The reason why girls take such extreme steps to be fat is due to the strong demand. “A fat woman is the one a man prefers… If she’s not fat, I wouldn’t be with her because fat women are more comfortable during sex… For Mauritanian men, fat women are more desirable than skinny ones,” Abu Bakri, the leader of one of the communities, said to SBS.
Even though doctors have warned them about the dangers of consuming so much food, the parents keep feeding their girls. Due to this, they gain weight and enter puberty earlier than normal. At the age of 14 or 15, they are married off.

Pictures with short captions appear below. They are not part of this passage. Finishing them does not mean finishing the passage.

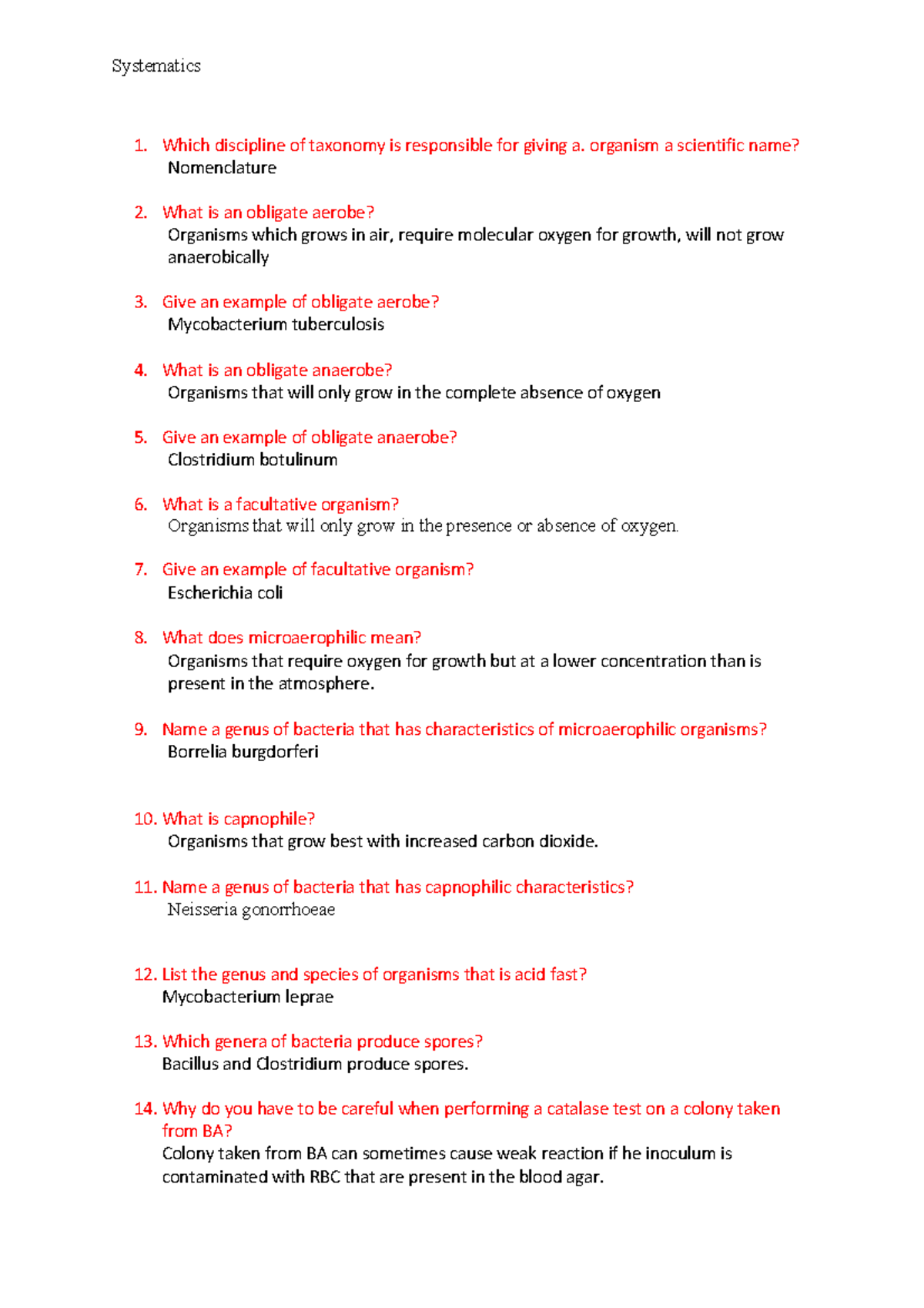 Systematics Microbiology short questions and answer Systematics Which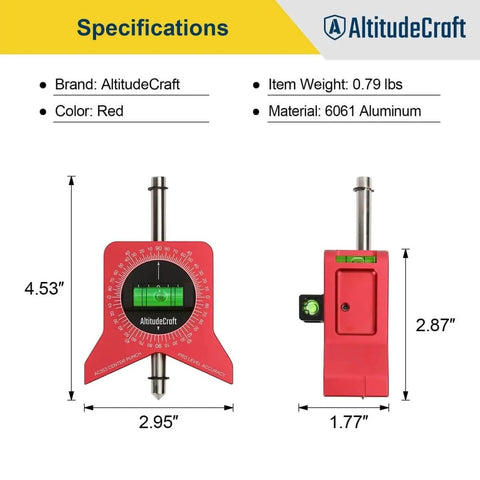 Front and side view of Magnetic Pipe Center Finder Punch Tool For 1 To 10 Inch Pipes And Fittings with dimensions and brand logo.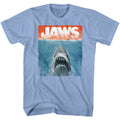 Light blue heather Jaws t-shirt featuring Jaws Colors design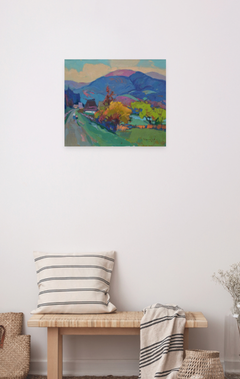 Kolochava Surround Landscape  Impressionism Original Oil Painting, Ready to Hang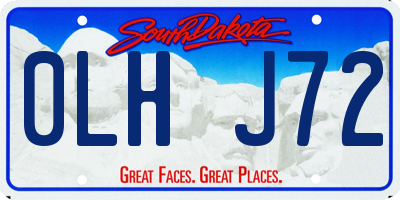 SD license plate 0LHJ72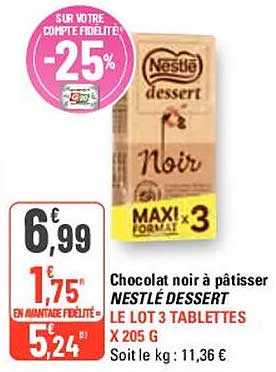 Chocolat Noir à Pâtissier Nestlé Dessert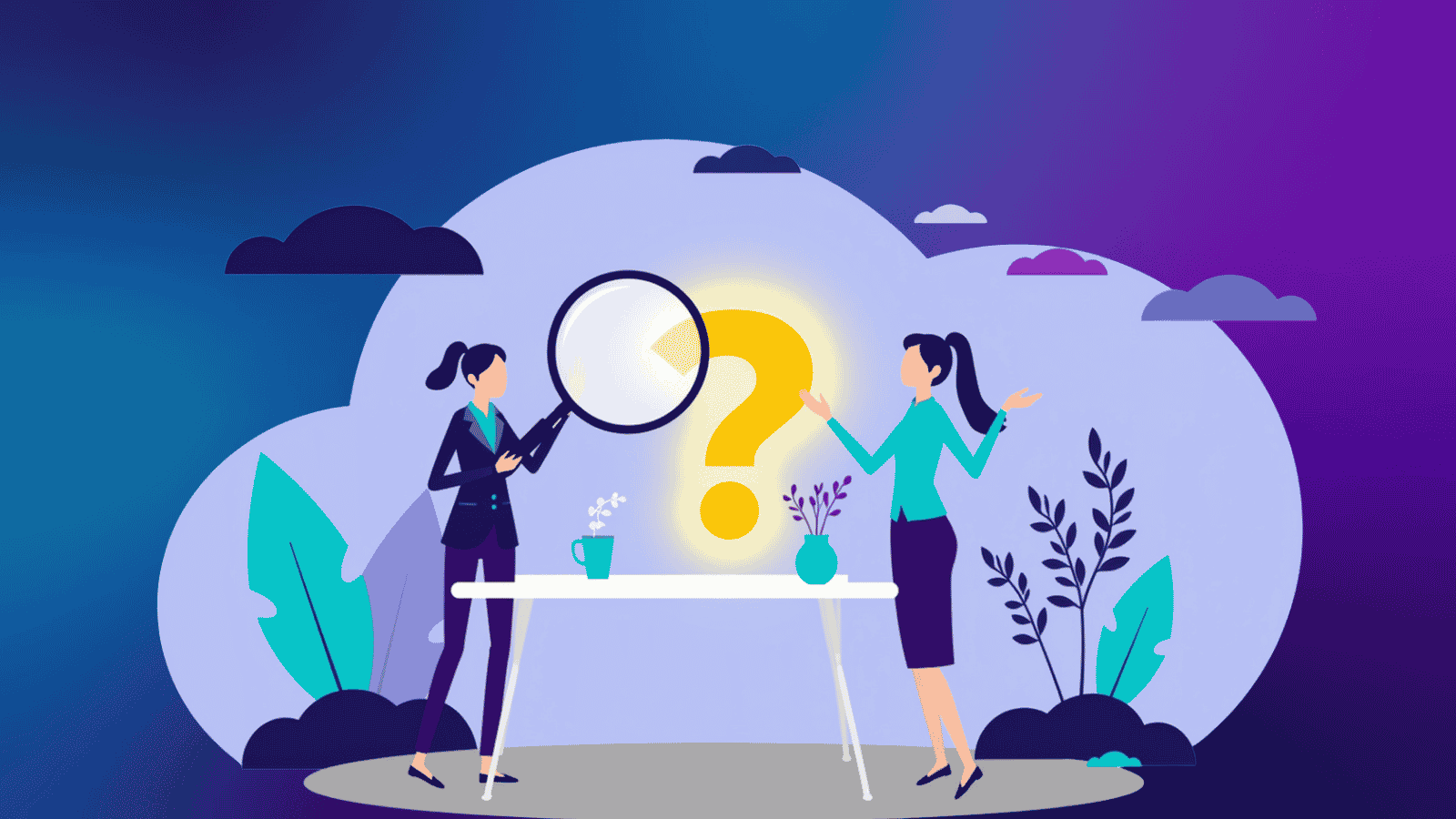 Illustration of two women on either side of a table with a large glowing yellow question mark between them; one holds a magnifying glass, set against a purple background with clouds and plants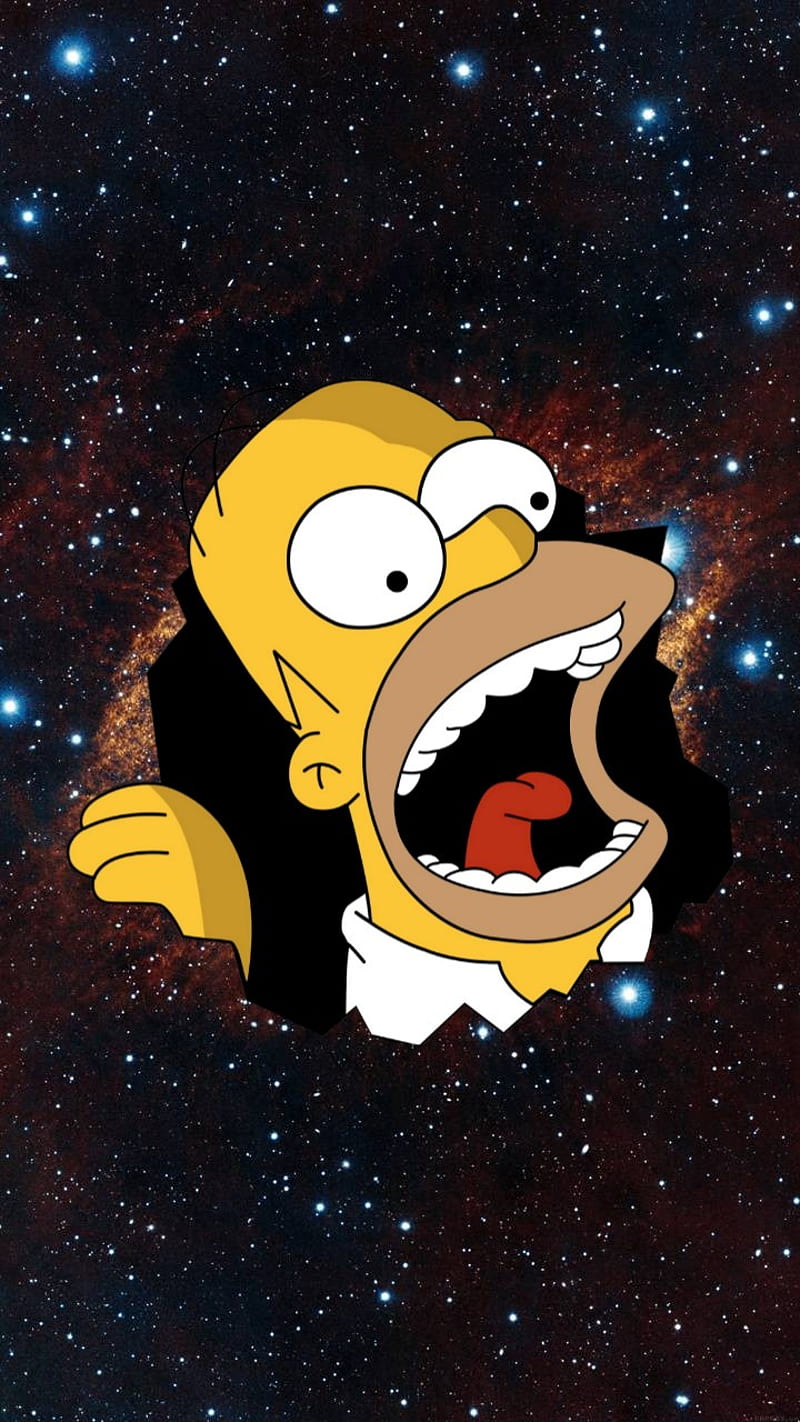 Homero Simpson, apu se va de los simpsons, bart, space, stars, galaxy, homer, lisa, marge, nebulosa, the simpsons, HD phone wallpaper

“Even when their tummies are full to the brim and they can no longer consume any more, they will be caned or tied up if they are too strong. They are not allowed to throw up or they will be forced to eat their own vomit. Even when food is at an abundance, some family members will go without food to ensure that the girls consume as much as possible,” according to The Gryphon.
During drought, some women start using chemicals and drugs in order to get fat. One girl took steroids meant for fattening animals despite her mother advocating against it. The girl’s belly swelled up like a balloon and she suffered a tragic death.

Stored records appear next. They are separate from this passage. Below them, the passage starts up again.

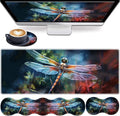 4 in 1 Mouse Pad Combo Large Gaming Mouse Pad + Keyboard Wrist Support + Mouse Wrist Rest + Coaster Table Pad with Stitched Edge Ergonomic Wrist Pad Set Art Dragonfly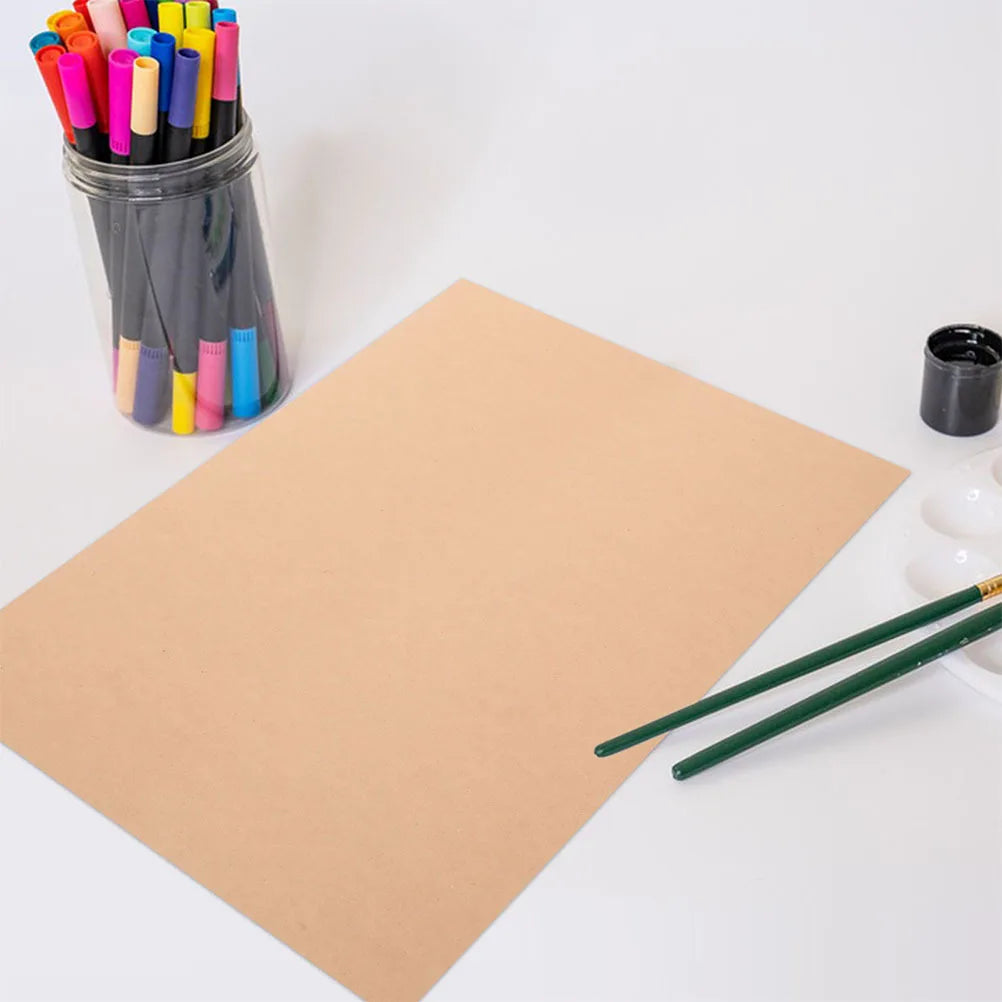 50Pcs Kraft Paper Cardstock Thick Sheets DIY Craft Scrapbooking Invitations Card Making Projects Art Supplies Craft Cardboard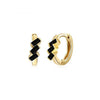 Retro Geometric U Shaped Rectangular Zircon Earrings For Women Silver Needle And Copper Electroplated Multicolor Ear Buckle Earrings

According to the World Health Organization, obesity tripled between 1975 and 2017. Almost 603 million adults and 107 million kids suffer from obesity. Being overweight causes far more deaths in the world than being underweight. The U.S. comes in at number 18 on the list. The least overweight countries were Switzerland, Denmark, France, and Sweden. In American Samoa, almost 74.6 percent of the population is considered fat.
When it comes to obesity in children, more than 65 percent of males and close to 60 percent of females aged between 5 and 19 in the U.S. are obese. “The highest rates of childhood obesity can be found in Micronesia, the Middle East and the Caribbean. And since 2000 the number of obese children in Africa has doubled… In South Africa, almost one in three boys are overweight or obese… In Brazil, 36 percent of girls are overweight or obese,” according to BBC.

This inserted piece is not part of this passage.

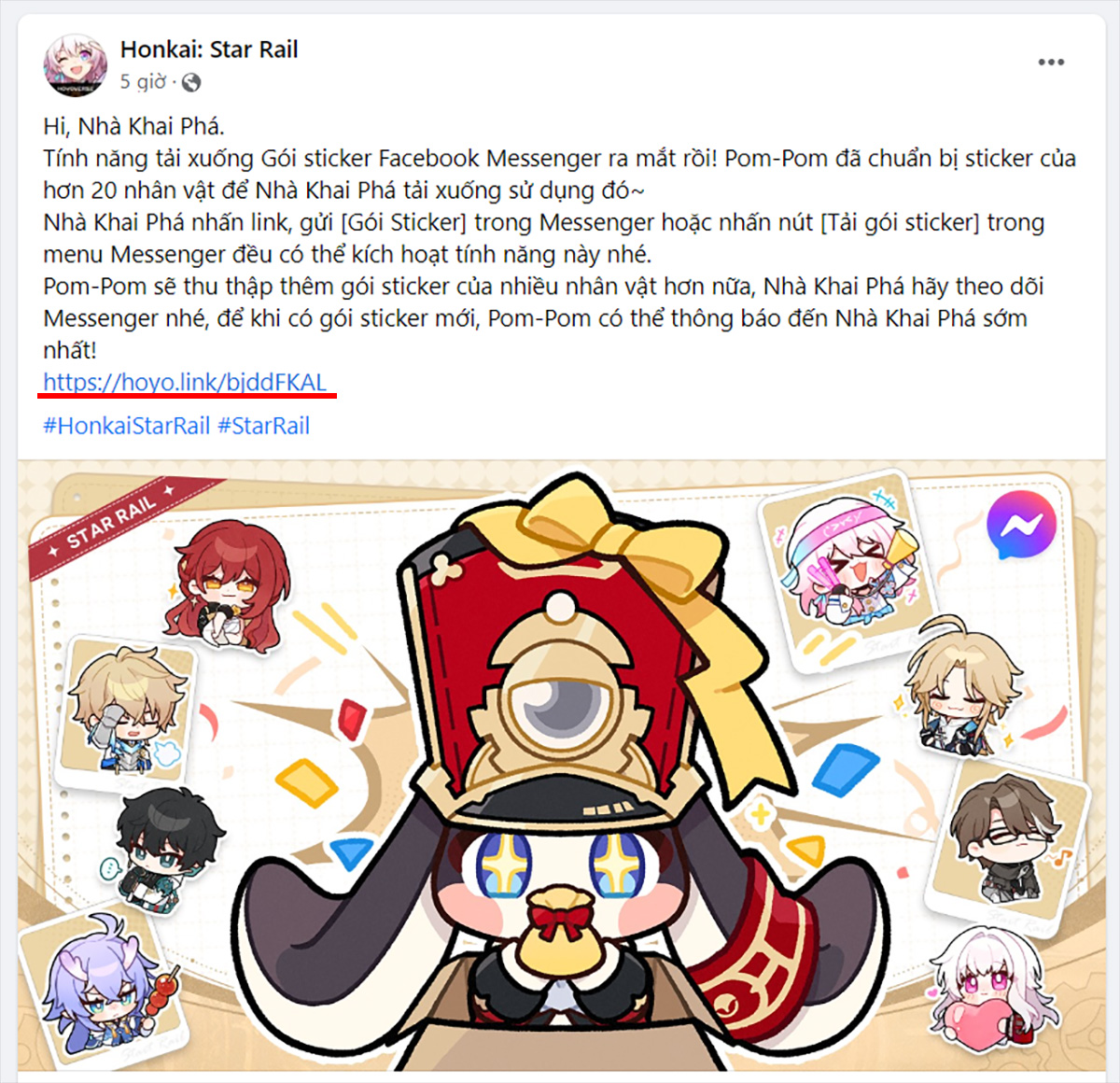 Tải bộ sticker Honkai: Star Rail từ bot Messenger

In developing countries, higher disposable incomes have changed the eating habits of people so that they adopt a diet that is excessively rich in fats and sugar. A Chinese study showed that while the rate of obesity among rural children was 10 percent, the number climbed to 17 percent in cities. In India, increasing junk food consumption is causing youngsters who don’t even look overweight to contract heart diseases and type 2 diabetes.